Considering the bystander editing of base editors, we used high-fidelity TadA8e variants and different linkers combined with IscB to narrow the editing window (Supplementary Fig. 12). To address this concept, we tested high-fidelity deaminases and different linkers. We replaced TadA8e-V106W of IscB.m16*-ABE with TadA8e-N108Q or TadA8e-N108Q;L145T (ref. 28) and found a narrower editing window but lower editing efficiency compared to IscB.m16*-ABE (Extended Data Fig. 10a). The replacement of linkers between IscB and TadA8e-V106W showed no significant improvement with respect to narrowing the editing window (Extended Data Fig. 10b).
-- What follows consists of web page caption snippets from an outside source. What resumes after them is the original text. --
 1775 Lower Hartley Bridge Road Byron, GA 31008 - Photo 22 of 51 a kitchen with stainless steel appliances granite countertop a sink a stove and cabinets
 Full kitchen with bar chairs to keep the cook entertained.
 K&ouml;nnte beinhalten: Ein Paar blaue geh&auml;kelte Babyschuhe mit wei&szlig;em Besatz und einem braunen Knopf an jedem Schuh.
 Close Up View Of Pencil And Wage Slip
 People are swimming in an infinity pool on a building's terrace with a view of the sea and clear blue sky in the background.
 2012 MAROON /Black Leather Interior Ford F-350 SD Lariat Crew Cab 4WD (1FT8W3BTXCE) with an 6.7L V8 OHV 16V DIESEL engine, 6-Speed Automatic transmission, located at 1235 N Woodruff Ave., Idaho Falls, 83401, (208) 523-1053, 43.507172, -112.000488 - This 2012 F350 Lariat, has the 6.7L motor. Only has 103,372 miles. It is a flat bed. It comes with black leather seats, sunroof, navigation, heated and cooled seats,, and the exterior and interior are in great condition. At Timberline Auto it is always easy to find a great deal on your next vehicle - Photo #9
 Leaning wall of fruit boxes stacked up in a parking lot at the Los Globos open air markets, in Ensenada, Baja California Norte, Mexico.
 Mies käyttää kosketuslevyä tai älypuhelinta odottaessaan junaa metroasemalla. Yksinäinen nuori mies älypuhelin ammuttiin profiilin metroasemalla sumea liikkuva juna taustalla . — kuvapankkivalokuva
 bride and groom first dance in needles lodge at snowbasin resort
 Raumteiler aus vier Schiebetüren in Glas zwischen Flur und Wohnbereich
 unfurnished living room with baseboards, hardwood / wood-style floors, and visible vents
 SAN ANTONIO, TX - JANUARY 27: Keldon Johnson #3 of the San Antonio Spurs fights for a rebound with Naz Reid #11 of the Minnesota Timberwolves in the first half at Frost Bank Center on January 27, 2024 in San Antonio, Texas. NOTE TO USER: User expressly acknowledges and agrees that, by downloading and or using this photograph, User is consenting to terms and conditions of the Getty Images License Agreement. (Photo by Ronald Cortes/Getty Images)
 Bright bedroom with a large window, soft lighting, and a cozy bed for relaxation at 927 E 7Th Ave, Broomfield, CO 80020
IscB-derived CBE restores dystrophin expression in mice
Taking advantage of its small size, the IscB*-derived base editor can be packaged with its ωRNA into a single rAAV vector, making it a greatly promising candidate for the treatment of certain genetic diseases, such as Duchenne muscular dystrophy (DMD)29,30. Previous studies have shown that exon 50 skipping of the dystrophin gene can restore dystrophin expression in a mouse model with an exon 51 deletion, a mutation occurring in nearly 8% of patients with DMD31,32. To access IscB.m16*-based base editing in DMD therapy, we devised a strategy whereby IscB.m16*-CBE disrupted the splicing signal by converting the G (in the paired chain of C) within the splicing acceptor site (‘AG’) to other bases (A, C or T), resulting in exon skipping (Fig. 5a). We first tested IscB.m16*-CBE with the ωRNA targeting the AG site adjacent to exon 50 in HEK293T cells. We observed that IscB.m16*-CBE displayed approximately 25% activity at position 10, which is the splicing acceptor site, while enOgeuIscB-CBE and SpG-CBE showed almost no base-editing activity (Fig. 5b). To conveniently package tools into a single AAV, we chose IscB.m16*-CBE (4.0 kb) without the uracil DNA glycosylase inhibitor (UGI) domain (two UGI domains and a linker, 196 aa) to be packaged into AAV9 and detected the base-editing activity in mice. Two versions of IscB.m16*-CBE carrying different nuclear localization signals (NLSs) were designed and delivered to the muscle of mice with humanized exon 50 knock-in and exon 51 deletion (Fig. 5c). Then, 4 weeks after injection, we performed an editing efficiency evaluation, western blot analysis and histological staining for dystrophin expression. Targeted deep sequencing analysis showed that IscB.m16*-CBE-v2 achieved an approximate 7% conversion of G-to-H (G-to-A, G-to-T and G-to-C) and up to 30% level of exon 51 skipping (Fig. 5d,e). Western blotting and histological staining quantitative analysis of the tibialis anterior (TA) muscle and immunostaining results indicated that IscB.m16*-CBE-v2 restored the dystrophin protein levels in myofibers to 40% of the WT control (Fig. 5f–h). Together, these results indicate that the IscB.m16*-derived base editor, as a highly effective and broad-TAM miniature base-editing tool, provides a promising approach for basic research and therapeutic applications.
Discussion
In summary, through computational mining of metagenomic sequence datasets, we identified 19 natural IscB orthologs with various TAM recognition sites and 10 of the IscBs showed activity in mammalian cells, highlighting the diversity of the IscB family. By examining the results of six engineered ωRNAs, we found that the truncation of the first (R1) and last (R5 or R6) stem loops of the ωRNA usually enhanced the editing activity of IscBs. Through structure-guided design and protein engineering of the P1D, TID and RuvC domain of IscB, we developed the IscB.m16* system that exhibited improved editing activity and extended the TAM scope to 5′-NNNGNA-3′. This is a notably broader recognition range than the previously reported enOgeuIscB with a 5′-NWRRNA-3′ TAM19, although we found that enOgeuIscB showed efficient activity with a broader TAM (not only NWRRNA) in mammalian cells. Furthermore, IscB.m16*-derived base editors showed editing activity comparable to SpG-BE and even higher editing activity than SpG-BE and enOgeuIscB-BE at some disease-related loci, such as DMD. Therefore, considering their compact size and extended editing scope, IscBm16*-derived base editors have the potential to be alternatives to enOgeuIscB-derived and Cas9-derived base editors for AAV-based therapeutic applications.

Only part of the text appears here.